We did a comparative analysis of different machine learning classifiers to predict diabetes with some medical risk factors using the tidymodels framework. Then we showed how to further improve the best model (in our case XGBoost) using iterative grid search before validating the model on test data. In addition, we applied visualization methods to better understand how the predictions are generated.

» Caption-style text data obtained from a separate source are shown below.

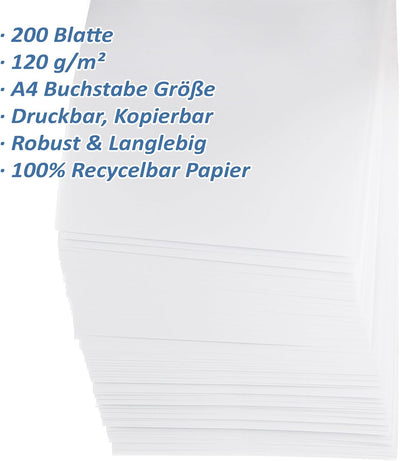 200 Blatt Druckerpapier A4 120g Weiss, 210× 297 mm Inkjet/Kopierpapier, Weiss
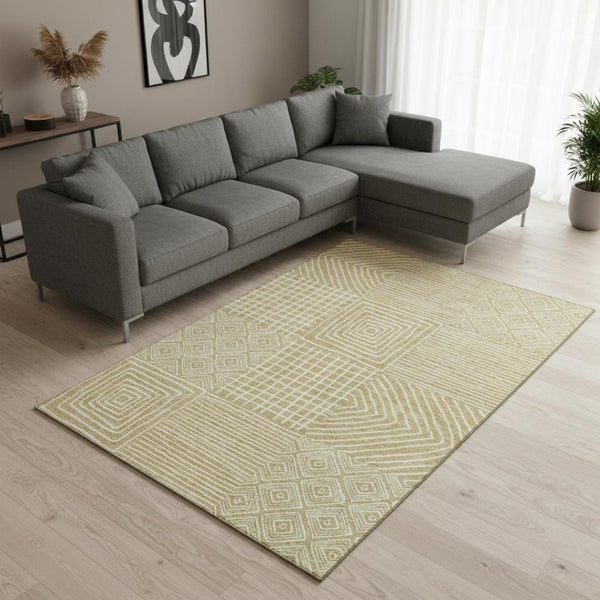HomeRoots 10' X 14' Wheat and Ivory Geometric Area Rug - Durable, Washable, UV Protected for Modern Living Spaces 681941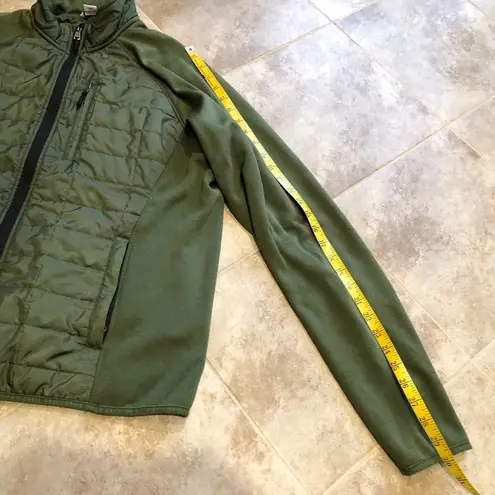 Orvis puff jacket army green long sleeve large soft shell full zip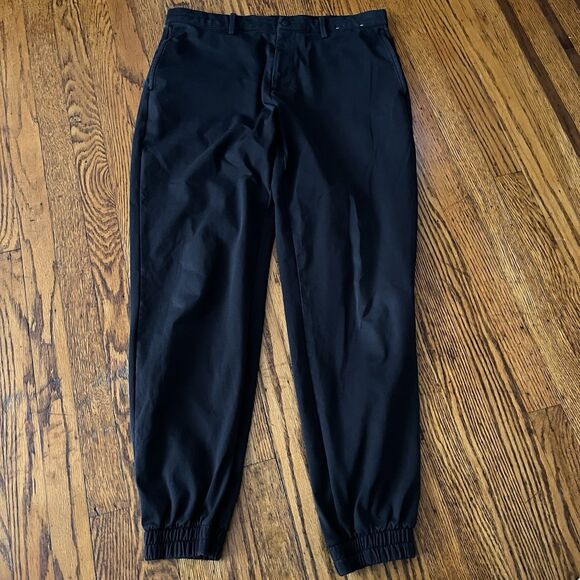 Uniqlo EZY Ankle Jogger Pants Stretch M (33x28) Black Elastic Waist Drawstring - Picture 1 of 12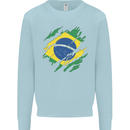 Torn Brazil Flag Brazilian Day Football Kids Sweatshirt Jumper Light Blue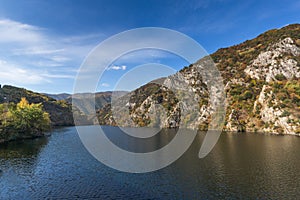 Amazing autumn ladscape from dam of The Krichim Reservoir, Rhodopes Mountain, Plovdiv Region, Bulgaria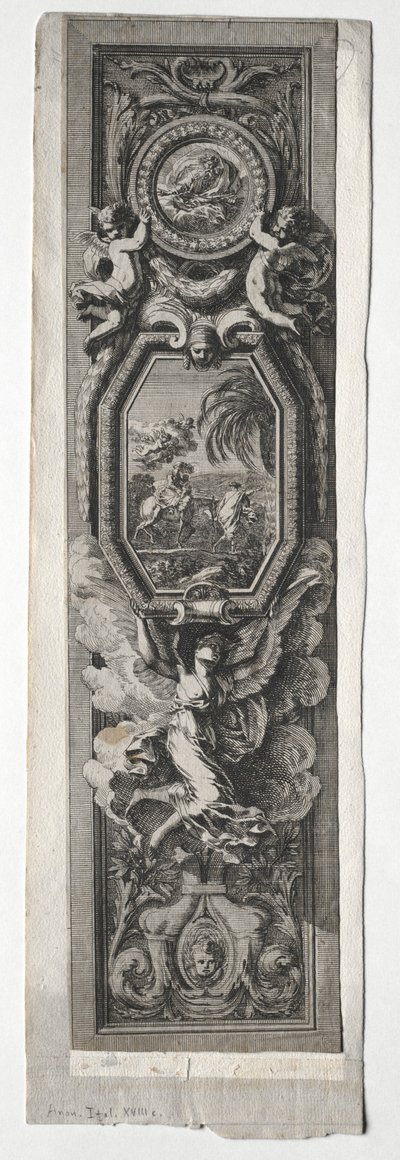 Panneau avec vignette de la fuite en Égypte - Unknown artist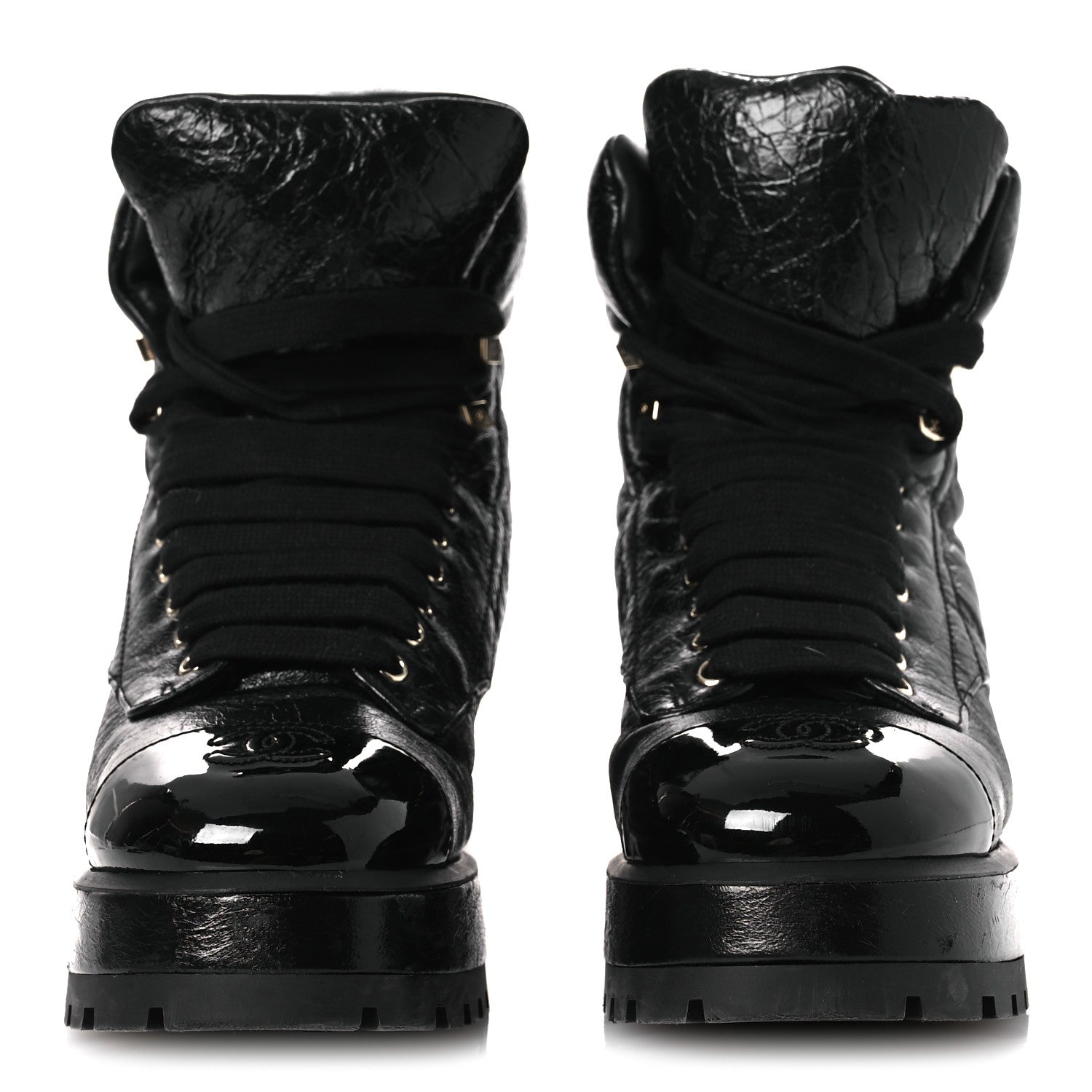 Crumpled Patent Lambskin Calfskin Quilted Lace Up Combat Boots 39 Black
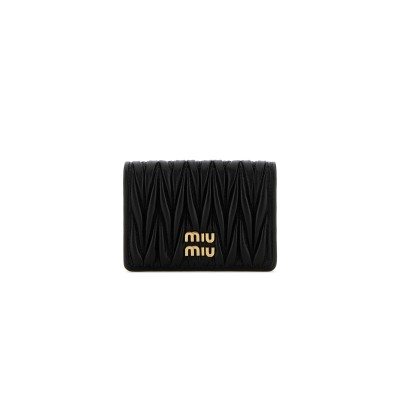 MIU MIU BLACK NAPPA LEATHER CARD HOLDER 5MC103 (11.5*8*1cm)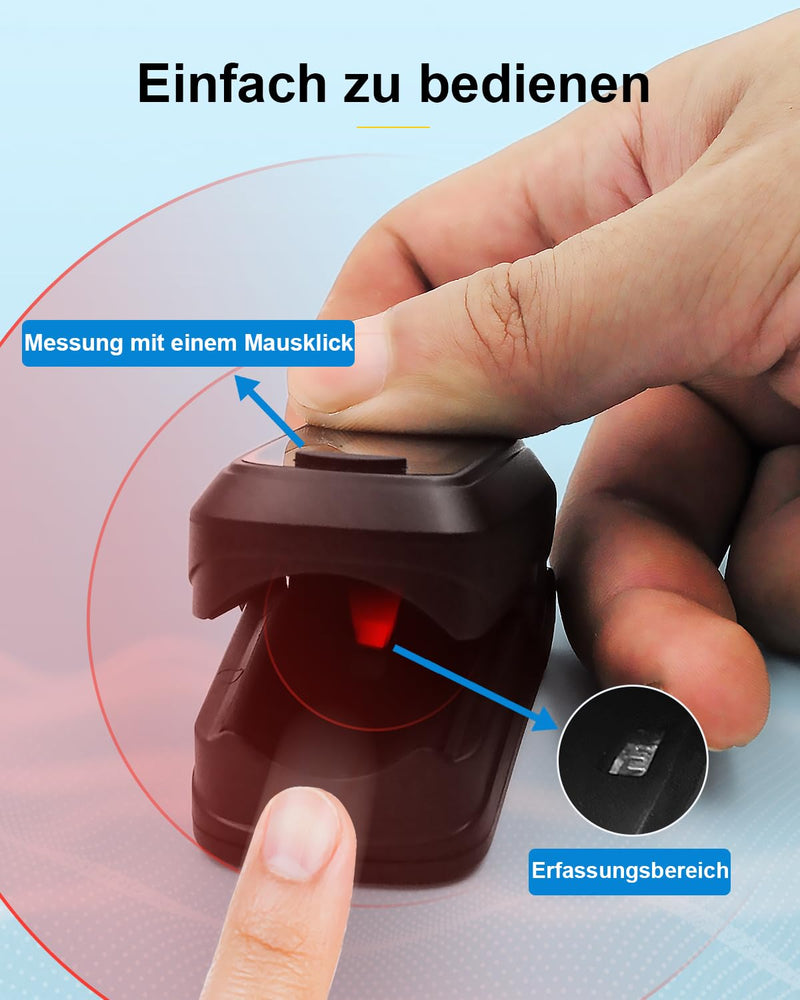 HealthTree Blood Oxygen Monitor Finger for Adults Portable Oxygen Monitor with OLED Screen Includes Lanyard black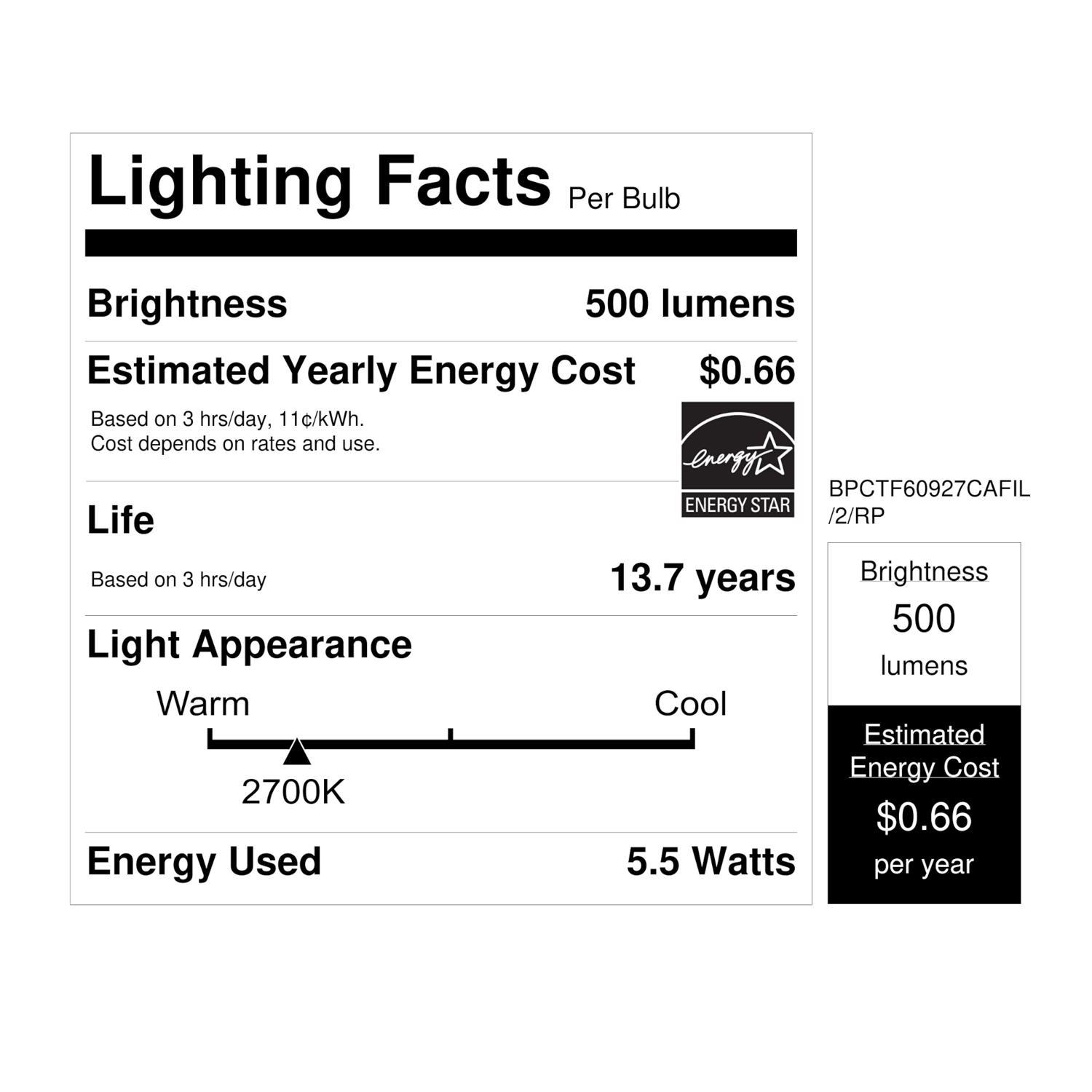 Feit Enhance Blunt Tip E12 (Candelabra) Filament LED Bulb Soft White 60 Watt Equivalence 2 pk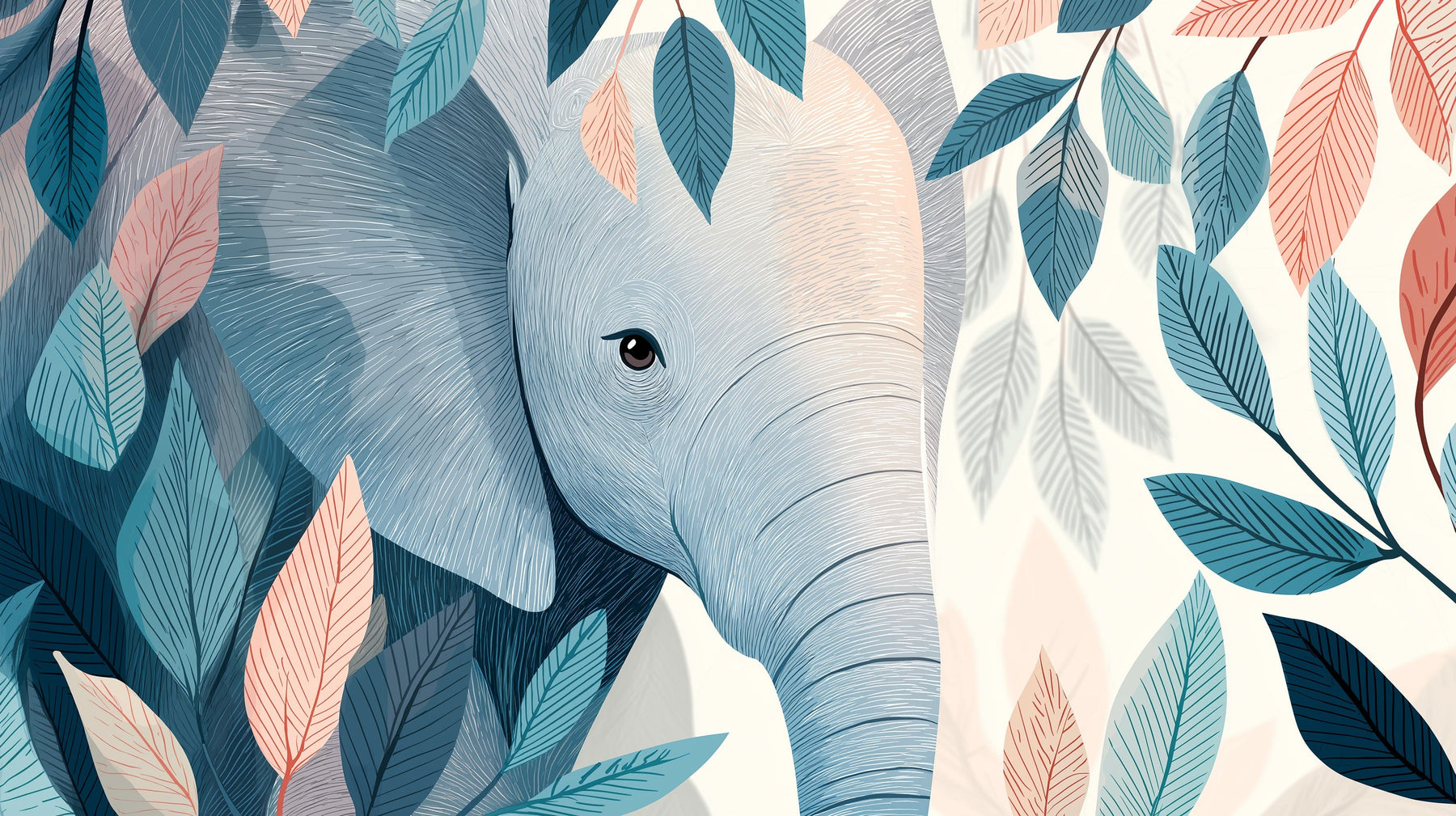 Detailed elephant and botanical foliage mural wallpaper design pattern by Kids-Mundo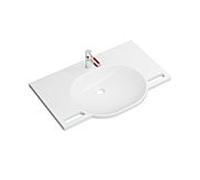 Hewi set de lavabo en fonte minérale 950.19.01599 85x55cm, blanc , avec mitigeur lavabo , blanc pur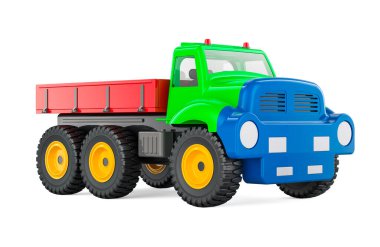 Yan tahtası olan kargo kamyonu oyuncağı, beyaz arkaplanda 3 boyutlu görüntüleme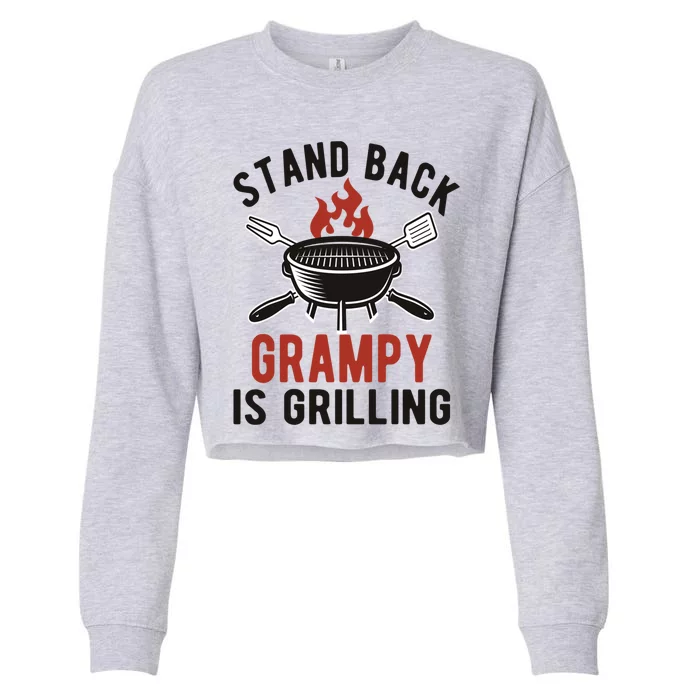 Funny Grilling Grampy Bbq Grampy Grandpa Gift Cropped Pullover Crew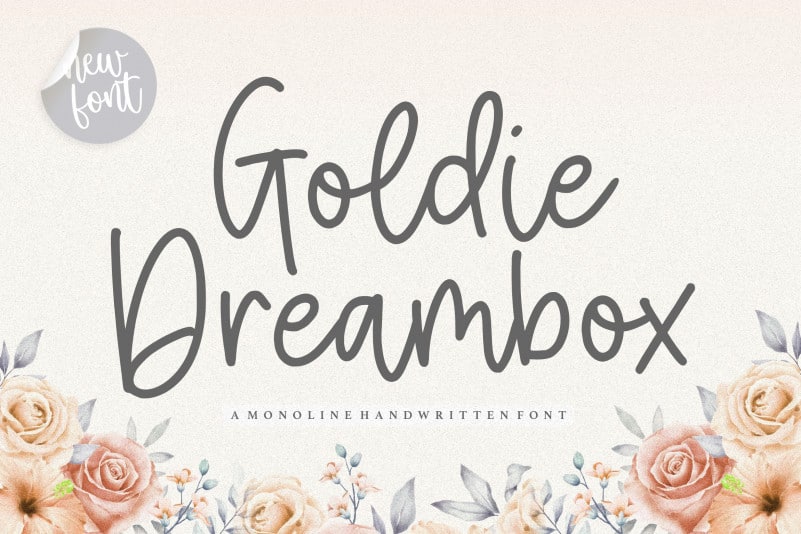 Goldie Dreambox Monoline Handwritten Font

Overall, we see that machine learning methods can fruitfully support medical decision-making, if the model is well developed, validated, and integrated carefully into the application of interest.

References

Domingos, Pedro. 2012. “A Few Useful Things to Know about Machine Learning.” Communications of the ACM 55 (10): 78–87.
Fawcett, Tom. 2006. “An Introduction to ROC Analysis.” Pattern Recognition Letters 27 (8): 861–74.
Kuhn, Max, and Julia Silge. 2022. Tidy Modeling with r. " O’Reilly Media, Inc.".
Kuhn, Max, and Hadley Wickham. 2020. Tidymodels: A Collection of Packages for Modeling and Machine Learning Using Tidyverse Principles. https://www.tidymodels.org.
Maksymiuk, Szymon, Alicja Gosiewska, and Przemyslaw Biecek. 2020. “Landscape of r Packages for eXplainable Artificial Intelligence.” arXiv. https://arxiv.org/abs/2009.13248.
Ong, Kanyin Liane, Lauryn K Stafford, Susan A McLaughlin, Edward J Boyko, Stein Emil Vollset, Amanda E Smith, Bronte E Dalton, et al. 2023. “Global, Regional, and National Burden of Diabetes from 1990 to 2021, with Projections of Prevalence to 2050: A Systematic Analysis for the Global Burden of Disease Study 2021.” The Lancet.
Shmueli, Galit. 2010. “To Explain or to Predict?” Statistical Science 25 (3): 289–310.
Van Calster, Ben, David J McLernon, Maarten Van Smeden, Laure Wynants, and Ewout W Steyerberg. 2019. “Calibration: The Achilles Heel of Predictive Analytics.” BMC Medicine 17 (1): 1–7.
Wang, Yuhui, Shenghua Luan, and Gerd Gigerenzer. 2022. “Modeling Fast-and-Frugal Heuristics.” PsyCh Journal 11 (4): 600–611.